Intermediary Financing to Harness RenewablesWed, 02/24/2016 - 13:08
Being entrusted by the government with the task of harnessing the participation of SMEs in the renewable energy sector through financing and other forms of assistance is not an easy task. Enrique Nieto, NAFINSA’s Director of Sustainable Projects, says that there are now equity funds available for these projects, which was not the case three years ago, due to lower internal return rates than those of industrial projects. “Suddenly, interested parties started appearing, and now we have around 20 different funds looking for projects.” In order to fulfill its obligation, NAFINSA uses intermediaries to fund SMEs. “We use commercial banks, financial intermediaries, and leasing companies, among others, as distributors of resources, as we are not able to analyze small credits individually. NAFINSA uses other banks and packages of warranties and funding through different third parties instead,” explains Nieto.
Working with intermediaries entails the responsibility of selecting the right partners to make sure the resources are well spent. In order to do so, NAFINSA has implemented a risk sharing model. The bank carries out due diligence on its potential partners’ systems and procedures, including assessments on the granting of credit. Providing warranties on a portfolio basis also reduces risks, according to Nieto. However, he points out that non-banking intermediaries are more difficult to evaluate. “These intermediaries almost have to act as a bank in terms of procedure in order for us to be able to provide warranties.” NAFINSA has different products focused on small, single projects carried out through intermediaries, which are known as selective warranties and are judged on a case-by-case basis. “These are small projects with a value of up to US$40 million, although we have carried out projects that needed US$2 million or even US$10 million.” Other banks carry out the assessments and make the decision to take the risk and share it with NAFINSA. Banks then apply for NAFINSA’s warranty, and the development bank conducts a secondary evaluation.

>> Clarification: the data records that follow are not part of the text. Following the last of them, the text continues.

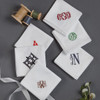 Monogrammed men's white handkerchiefs with embroidered monograms in various colors. 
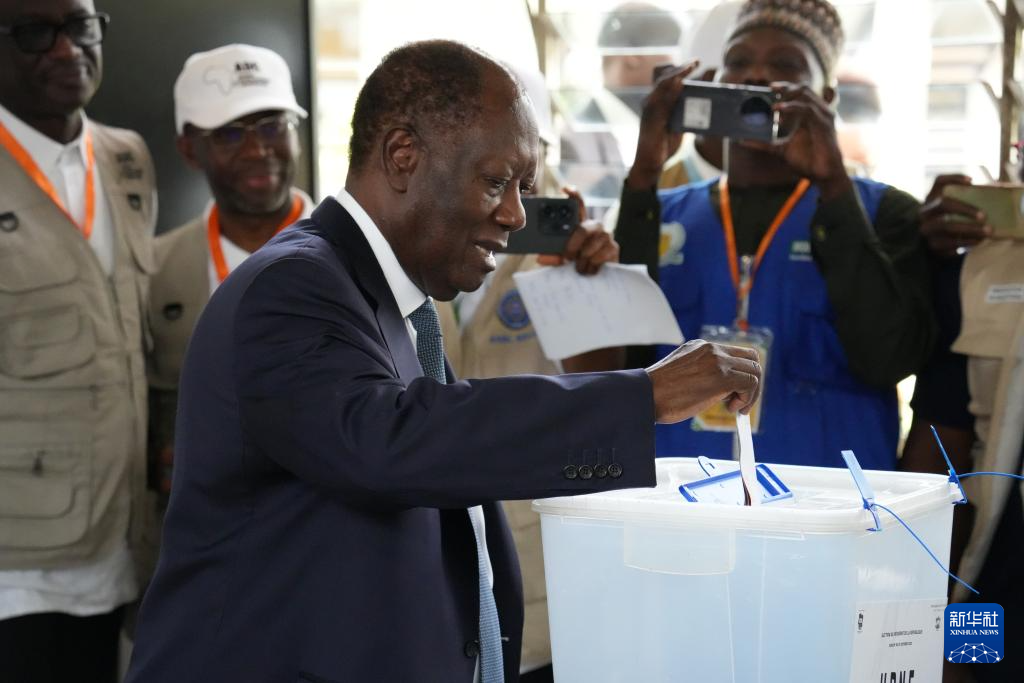 10月25日,在科特迪瓦经济首都阿比让的一处投票站,科特迪瓦现任总统阿拉萨内·瓦塔拉将选票放入投票箱。新华社记者 张健 摄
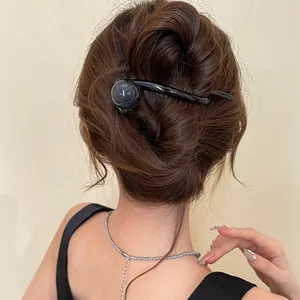 Minimalist black resin hair clip with a circular detail shown worn in a French twist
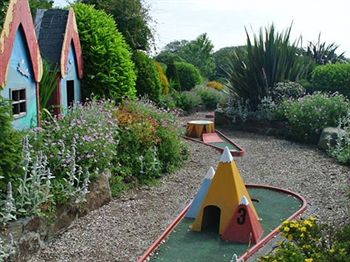 Imagen de la habitación del Hotel The Whitehouse Inn. Foto 7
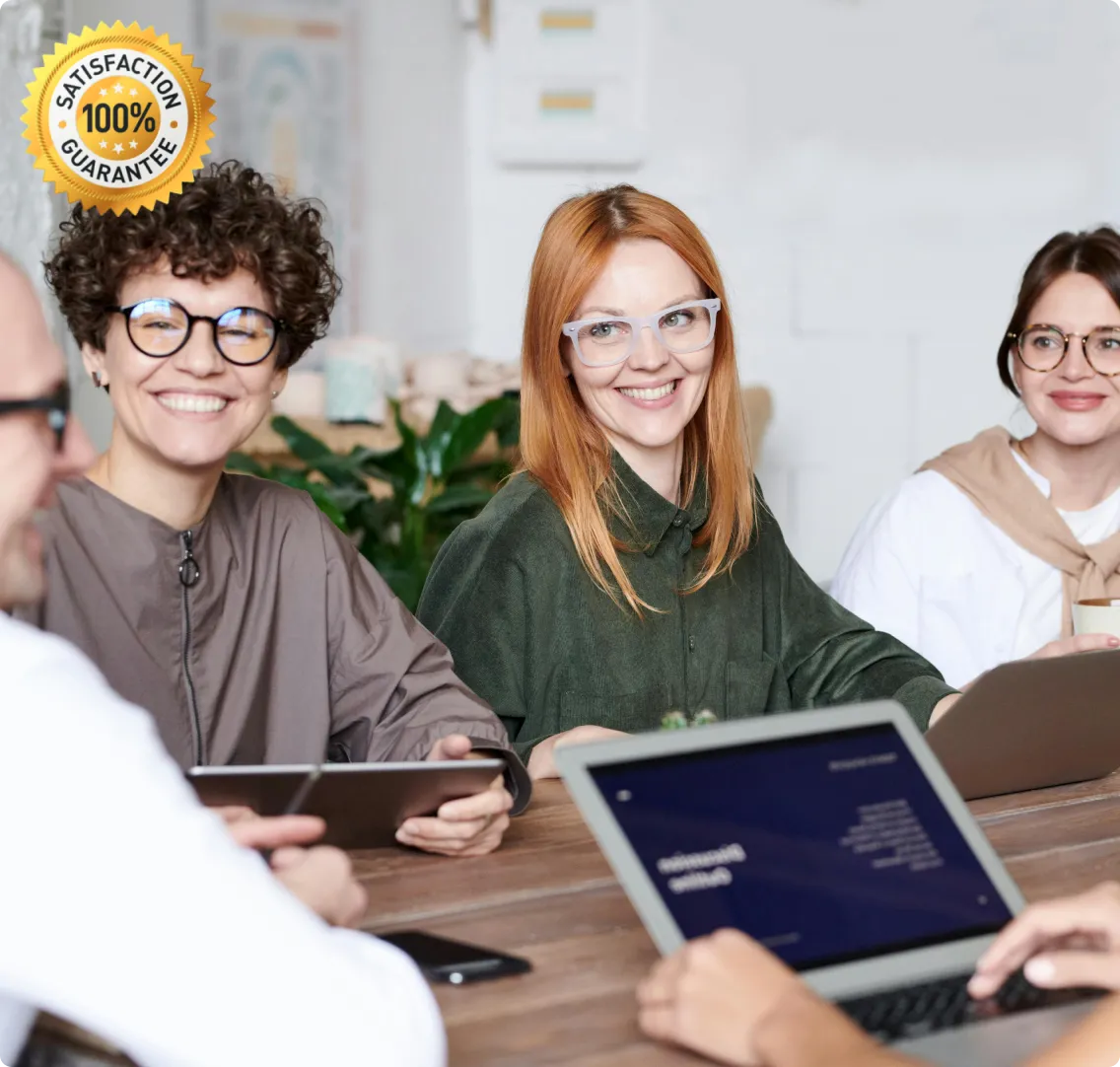 Group of colleagues smiling while working together at a table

If the project is approved, NAFINSA agrees to take on up to half the credit risk.
Nieto recalls that the first wind project in Oaxaca was established by development banks exclusively. The situation has changed over time and now private banks are becoming increasingly involved in this sector. Commercial banks are getting more comfortable with taking the risks on projects with experienced developers and promising off-takers, a road that NAFINSA paved several years ago. This kind of competition does not raise any red flags for Nieto, as he believes that his bank’s role is not just to facilitate the entry of other financing institutions, but also to promote business generation.
NAFINSA, says Nieto, currently has a positive working relationship with commercial banks when it comes to financing renewable energy projects. “We started off with single off-takers, and then we began working with multiple off-takers. Now we are starting with lower tier companies on smaller contracts, but these pay higher tariffs, which allow for a different kind of project evaluation,” Nieto comments. He is sure that NAFINSA will eventually own a risk portfolio similar to the one the bank has with SMEs.
Nonetheless, Nieto claims NAFINSA is well-capitalized at the moment. “It is not a matter of how much capital NAFINSA has available; the bank has to be ready to finance projects at any given moment, since NAFINSA has to fund itself, which entails long-term difficulties. Therefore, the development bank tends to finance itself through multilateral organizations, as Nieto explains: “We can ask the IDB or the World Bank for money that we will subsequently lend.”
NAFINSA will be carrying out projects to enhance the market, such as bond markets, or taking portfolio risks in order to support the foreign banks that are willing to enter the country. Nieto claims these institutions trust NAFINSA and feel comfortable lending their resources due to the fact that a government development bank is involved in the projects. As a way to lure them to Mexico, NAFINSA provides funding in order to provide a peso denominated deal. Nieto says this is rather difficult to manage, but NAFINSA has found novel ways to implement this technique. It can be done by either funding the project with the bank’s guarantee, which takes on the risk while NAFINSA provides the financing, or by funding the bank, which consequently finances the project.
As time goes by, NAFINSA becomes more experienced in financing renewable energy projects. “It took us several months to evaluate ways of managing the first projects. Now, the process takes little time,” says Nieto. He claims that due diligence and authorization currently takes no longer than three months for clients with structured plans. Financing institutions like NAFINSA are still learning how to manage this sector, as Nieto explains, “Lending the money is just one part. There is an ongoing operation that needs to be mapped and replicated, resulting in an internal educational process.”